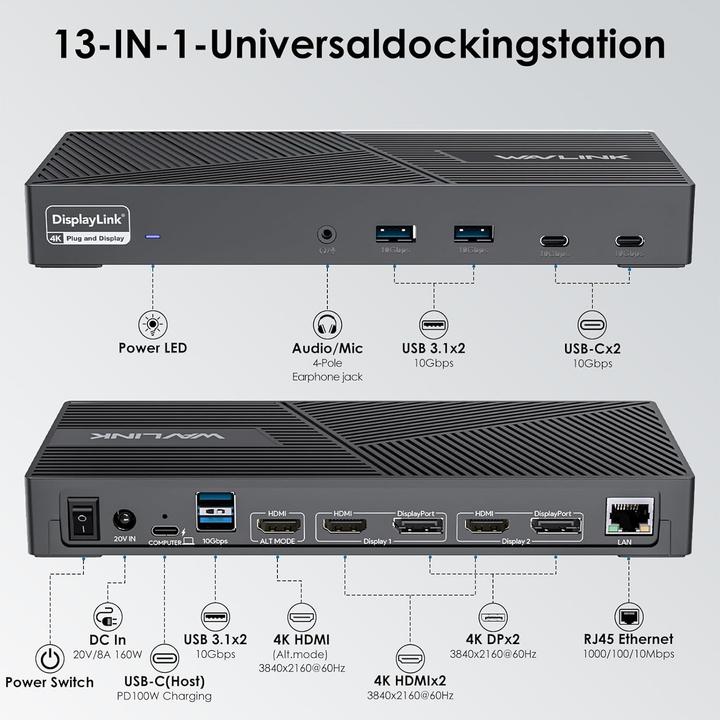Actual product image Wavlink Displaylink Docking Station (USB-C, 6 ports)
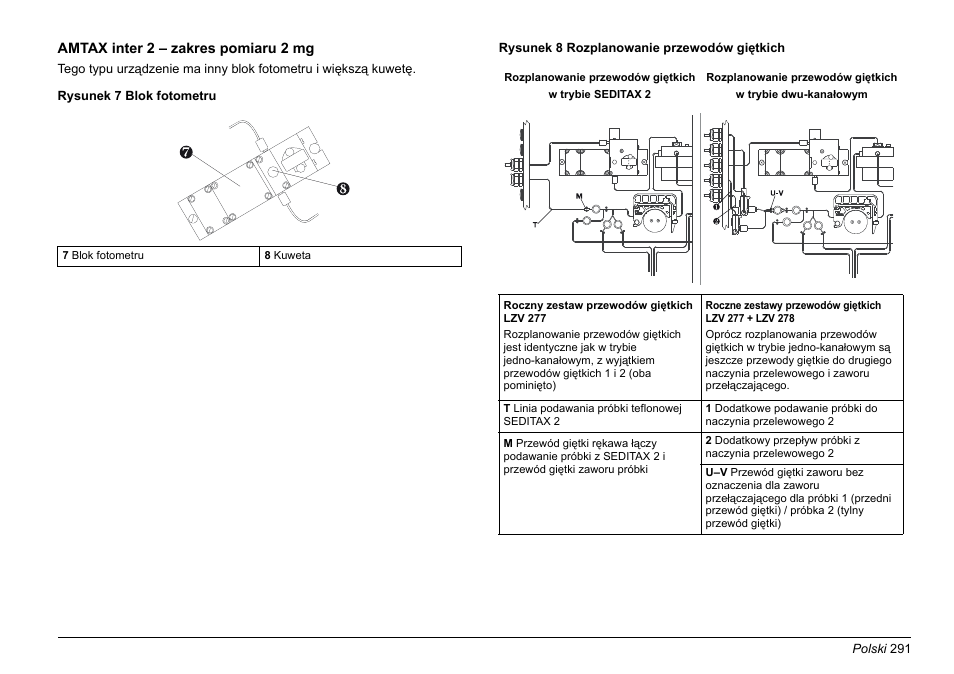 Hach-Lange AMTAX inter2 Basic User Manual User Manual | Page 291 / 377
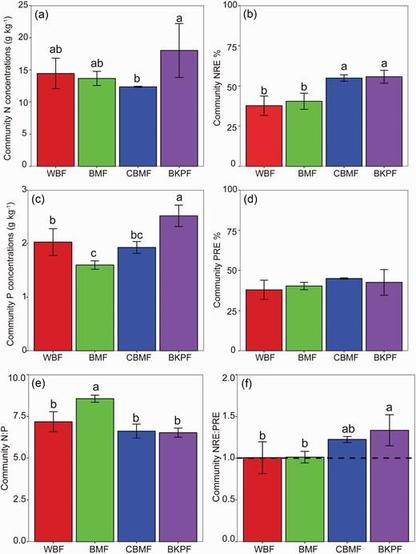 Variations in community-level leaf stoichiometry and NuRE along succession.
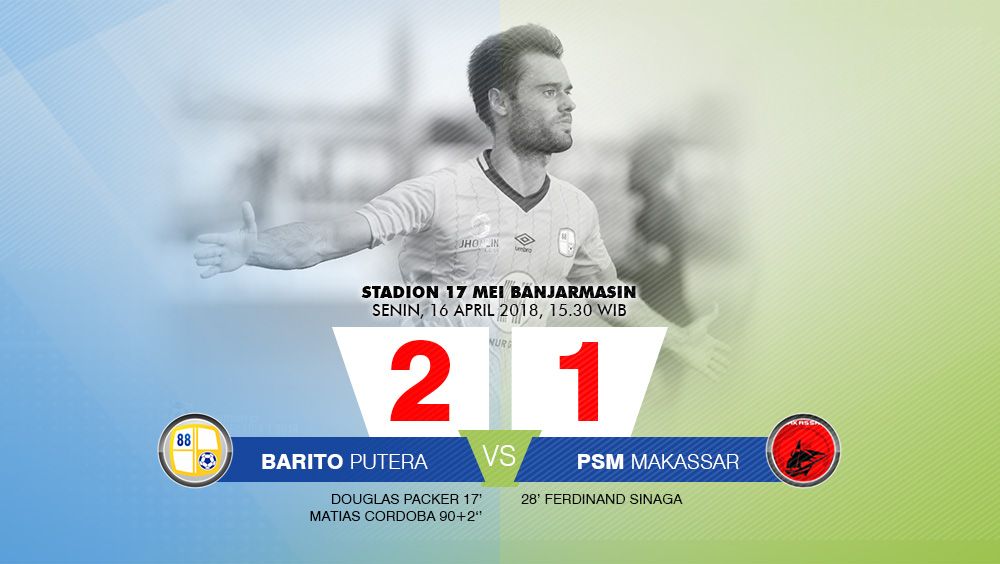 Barito Putera vs PSM Makassar Copyright: © Twitter@GoJekLiga1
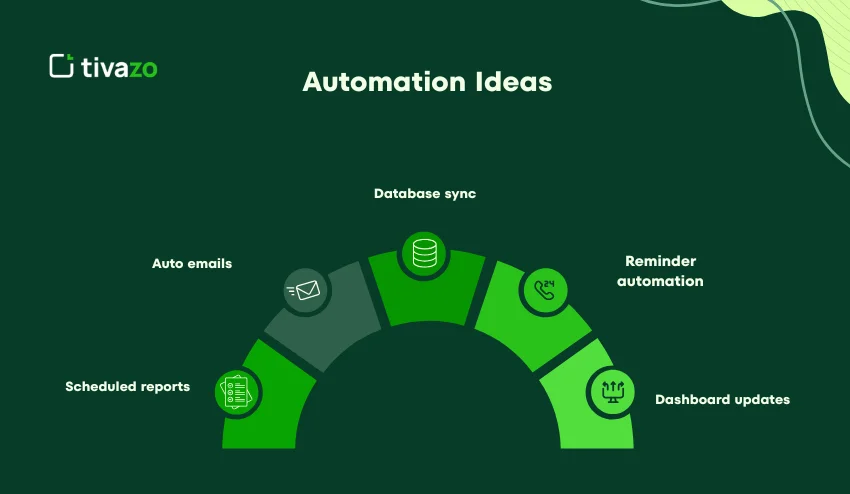 Automation Ideas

- [What to produce]: Would you repeat the entries exactly, but with no pictures?

- [Solved problem]:
Actual product image Wavlink Displaylink Docking Station (USB-C, 6 ports)
 Hach-Lange AMTAX inter2 Basic User Manual User Manual | Page 291 / 377
 Variations in community-level leaf stoichiometry and NuRE along succession.
 Barito Putera vs PSM Makassar Copyright: © Twitter@GoJekLiga1
 Automation Ideas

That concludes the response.